Productivity is a dirty little word for many in healthcare. There is something corporate, industrial with a soviet-twist, and anathematic to many clinicians’ sense of why they entered their professions. It smacks of management-speak, with inferred anxieties about the presumptive need for ‘more’, and has been described as ‘a subject guaranteed to kill the attention of clinicians and patients’.1 It also has a flavour of insensitivity in an era of a fatigued workforce with rising levels of reported burn-out and staff quitting healthcare and industrial action over pay and conditions.
Yet in a world of limited resources and opportunity costs, it is clearly sensible and appropriate for healthcare systems to ask, and be asked, what they are ‘doing’ and to what end. The now ubiquitous ‘Triple Aim’ (and its successors, the ‘Quadruple Aim’ and ‘Quintuple Aim’) of quality improvement (QI) in healthcare propagated by the Boston-based Institute for Healthcare Improvement and embedded in UK National Health Service (NHS) provider licensing since 2023, explicitly includes a need to ‘reduce the per capita costs of healthcare’ alongside the need to improve population outcomes, patient and staff experience, and tackle inequities.2
Perhaps clarity over definitions and phrasing is key. The Office for National Statistics (ONS) is often considered the most authoritative source for NHS productivity performance data, and defines productivity as how well healthcare creates outputs (eg, outpatient appointments) from inputs (such as investment in staff and medication).3 However, outputs in healthcare are more complex than in some other industries. Activities per person-hour may be a crude measure for national economic performance, but in healthcare doing more does not always mean more people getting better. For this reason, the ONS typically measures ‘quality adjusted’ outputs when reporting public service healthcare productivity.4 Similarly, the King’s Fund nuances productivity definitions to include the quality of the output, such as patient outcomes, as a defining factor.5
Anecdotally, when, as a leadership team, we posted a question to a room of over 50 senior staff, we observed cynicism at the need for ‘cost improvement programmes’. However less than half agreed that their own service ‘worked in the most efficient way’, and a desire for efficiency improvements on the back of this was unanimous. Clinicians may find themselves more aligned with a related narrative that translates this to the words of enhancing quality, safety and patient experience, in their native language of research, innovation and QI.
Postpandemic money and staff: the questions are not going away
The issue certainly has contemporary resonance. As the dust settles and a postpandemic world emerges with a return of most clinical services, a light is being shone the growing costs of healthcare, and additional investments made during this period.

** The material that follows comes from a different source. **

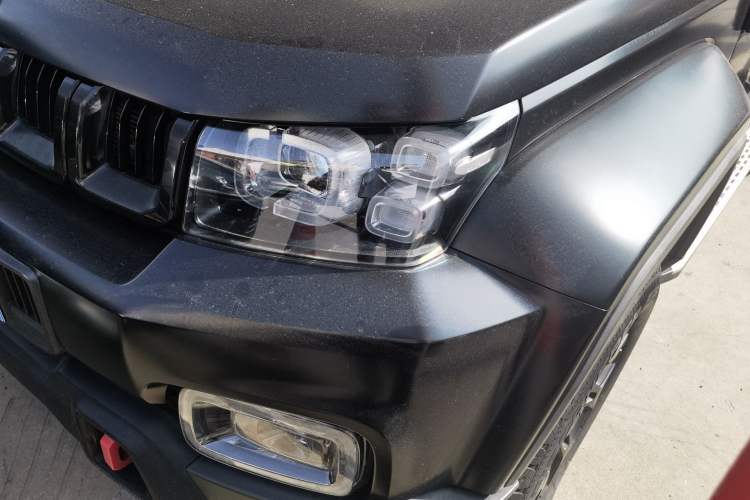 Used BAIC Off-Road BJ40 2021 2.0D Automatic Four-Wheel Drive Blade Hero Edition Adventurer Model (with Front and Rear Electronic Locks) Left Front Headlight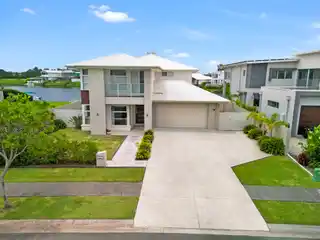 Gorgeous Home Overlooking Serenity Shores Lake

UK data show an increase in health spending of over £20 billion per annum after pandemic.6 Analysis from the Institute for Fiscal Studies highlighted staffing increases from almost 16% in consultant numbers to just under 25% in junior doctors between 2019 and 2023. Yet, with this extra money and staff, there has been no evident-related improvement in key markers such as waiting times or outpatient appointment numbers offered. In fact, many markers have deteriorated, with reported overall satisfaction in the NHS at its lowest level for 40 years.7
More specifically, in our NHS Integrated Care System, North West London, recorded referral activity in mental health services has not grown at the same rate as additional investment in the past 5 years (figure 1). Although there may be numerous factors to account for this, the divergence between investment and activity is as an apparent ‘productivity gap’ that warrants careful examination.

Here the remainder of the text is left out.